Psycho-Babble Psychology Thread 428336

Shown: posts 1 to 13 of 13. This is the beginning of the thread.

 

Too much pressure (trigger)

Posted by Dinah on December 12, 2004, at 14:32:49

Needs relief. Now.

Pretty sure I'm going to si.

Positive I'll be careful and do no harm.

Promised my therapist I wouldn't. Feel kind of guilty about it.

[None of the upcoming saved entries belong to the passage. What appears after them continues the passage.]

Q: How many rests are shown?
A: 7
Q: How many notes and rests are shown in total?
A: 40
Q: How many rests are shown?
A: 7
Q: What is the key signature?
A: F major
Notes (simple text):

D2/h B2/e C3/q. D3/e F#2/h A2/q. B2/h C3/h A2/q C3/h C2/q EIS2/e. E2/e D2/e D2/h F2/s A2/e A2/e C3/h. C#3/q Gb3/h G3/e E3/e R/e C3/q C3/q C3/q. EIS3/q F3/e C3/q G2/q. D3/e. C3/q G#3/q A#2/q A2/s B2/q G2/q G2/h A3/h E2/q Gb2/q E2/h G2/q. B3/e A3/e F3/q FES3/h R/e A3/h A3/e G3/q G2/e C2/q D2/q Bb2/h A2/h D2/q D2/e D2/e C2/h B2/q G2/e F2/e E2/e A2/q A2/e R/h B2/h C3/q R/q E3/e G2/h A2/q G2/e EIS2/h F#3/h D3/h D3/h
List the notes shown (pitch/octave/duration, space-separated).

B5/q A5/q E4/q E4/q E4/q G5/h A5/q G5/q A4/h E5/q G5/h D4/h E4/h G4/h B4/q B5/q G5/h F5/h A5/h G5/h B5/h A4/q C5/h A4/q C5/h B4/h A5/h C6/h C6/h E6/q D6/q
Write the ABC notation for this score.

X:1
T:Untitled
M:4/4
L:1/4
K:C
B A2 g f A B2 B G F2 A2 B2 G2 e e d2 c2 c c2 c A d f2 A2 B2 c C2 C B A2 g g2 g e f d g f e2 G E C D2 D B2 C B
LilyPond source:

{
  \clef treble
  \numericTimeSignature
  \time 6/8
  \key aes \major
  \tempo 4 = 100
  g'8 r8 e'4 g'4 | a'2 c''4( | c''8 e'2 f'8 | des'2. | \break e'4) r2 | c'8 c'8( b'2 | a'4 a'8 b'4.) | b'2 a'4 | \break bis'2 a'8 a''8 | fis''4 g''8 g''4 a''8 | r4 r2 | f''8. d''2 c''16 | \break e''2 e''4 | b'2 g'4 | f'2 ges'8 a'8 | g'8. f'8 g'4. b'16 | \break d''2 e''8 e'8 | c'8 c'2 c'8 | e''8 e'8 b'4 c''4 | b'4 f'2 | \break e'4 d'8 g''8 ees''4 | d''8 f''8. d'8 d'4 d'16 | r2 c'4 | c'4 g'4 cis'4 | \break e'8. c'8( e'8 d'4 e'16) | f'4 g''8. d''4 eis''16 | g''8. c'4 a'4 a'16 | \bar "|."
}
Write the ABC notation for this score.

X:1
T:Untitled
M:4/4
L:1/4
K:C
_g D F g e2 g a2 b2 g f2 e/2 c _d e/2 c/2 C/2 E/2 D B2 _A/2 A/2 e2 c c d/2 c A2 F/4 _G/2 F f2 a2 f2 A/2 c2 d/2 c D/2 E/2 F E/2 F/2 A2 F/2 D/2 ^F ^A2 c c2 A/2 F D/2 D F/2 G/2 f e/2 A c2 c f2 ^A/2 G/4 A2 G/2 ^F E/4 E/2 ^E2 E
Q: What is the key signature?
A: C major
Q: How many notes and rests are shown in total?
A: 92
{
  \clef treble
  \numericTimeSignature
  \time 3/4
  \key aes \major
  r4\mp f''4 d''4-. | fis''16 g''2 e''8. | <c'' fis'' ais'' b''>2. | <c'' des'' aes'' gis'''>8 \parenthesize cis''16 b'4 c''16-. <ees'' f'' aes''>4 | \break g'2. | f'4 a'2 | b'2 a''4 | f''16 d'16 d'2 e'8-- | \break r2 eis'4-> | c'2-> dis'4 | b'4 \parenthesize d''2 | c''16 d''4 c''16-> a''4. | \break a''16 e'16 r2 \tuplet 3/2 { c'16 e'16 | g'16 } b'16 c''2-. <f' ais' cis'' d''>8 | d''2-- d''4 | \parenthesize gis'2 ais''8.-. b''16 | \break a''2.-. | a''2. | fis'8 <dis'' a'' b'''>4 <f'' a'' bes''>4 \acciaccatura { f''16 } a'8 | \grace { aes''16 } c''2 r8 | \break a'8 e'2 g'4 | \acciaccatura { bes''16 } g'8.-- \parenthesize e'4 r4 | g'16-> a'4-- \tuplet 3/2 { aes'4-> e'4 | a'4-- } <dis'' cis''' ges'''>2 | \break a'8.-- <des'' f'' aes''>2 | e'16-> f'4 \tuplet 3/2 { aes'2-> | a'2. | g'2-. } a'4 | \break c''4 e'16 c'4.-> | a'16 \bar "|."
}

Don't think it would help any to call him. Just frustrate him, and frustrate me more. I'm not sure whether he'd be more angry if I did, but si'd anyway, or didn't. I don't need him mad at me.

 

Re: Too much pressure (trigger) » Dinah

Posted by littleone on December 12, 2004, at 14:46:38

In reply to Too much pressure (trigger), posted by Dinah on December 12, 2004, at 14:32:49

Dinah, please don't do that. I don't know what time it is in your part of the world, but can you see someone or talk to someone you know? Can you do something nice for yourself? Are you still reading at the moment?

 

Re: Too much pressure (trigger)

Posted by rubenstein on December 12, 2004, at 14:46:42

In reply to Too much pressure (trigger), posted by Dinah on December 12, 2004, at 14:32:49

Dinah

Please try to be strong. It is so easier said than done, I gave in this week after a big hiatus fron SIing and felt awful about it. I called my therapist a couple of days later and I could tell he was frustrated. It is so hard, but you can do it. Try to divert yourself, maybe take a shower, that sometimes helps me. I know how awful that feeling is...granted I have no idea of how you feel, but that feeling of having to do something to try to get out of the pain is so hard to deal with sometimes. I send you hugs and support.
rubenstein

 

Re: Too much pressure (trigger) » Dinah

Posted by littleone on December 12, 2004, at 15:06:58

In reply to Too much pressure (trigger), posted by Dinah on December 12, 2004, at 14:32:49

Dinah,

I've just read your posts on Social, so I'm presuming that's why you're feeling the pressure so much now.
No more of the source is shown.